DATA FOR ANALYSIS below:

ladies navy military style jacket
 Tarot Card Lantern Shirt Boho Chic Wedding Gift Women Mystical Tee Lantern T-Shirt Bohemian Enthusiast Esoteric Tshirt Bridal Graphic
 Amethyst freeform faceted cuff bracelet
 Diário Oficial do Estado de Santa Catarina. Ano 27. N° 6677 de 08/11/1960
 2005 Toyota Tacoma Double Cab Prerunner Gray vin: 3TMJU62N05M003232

End of DATA FOR ANALYSIS.

__ASSIGNED TASK__
A complete, exact copy of the entries is required.

__EXPECTED OUTPUT__
ladies navy military style jacket
 Tarot Card Lantern Shirt Boho Chic Wedding Gift Women Mystical Tee Lantern T-Shirt Bohemian Enthusiast Esoteric Tshirt Bridal Graphic
 Amethyst freeform faceted cuff bracelet
 Diário Oficial do Estado de Santa Catarina. Ano 27. N° 6677 de 08/11/1960
 2005 Toyota Tacoma Double Cab Prerunner Gray vin: 3TMJU62N05M003232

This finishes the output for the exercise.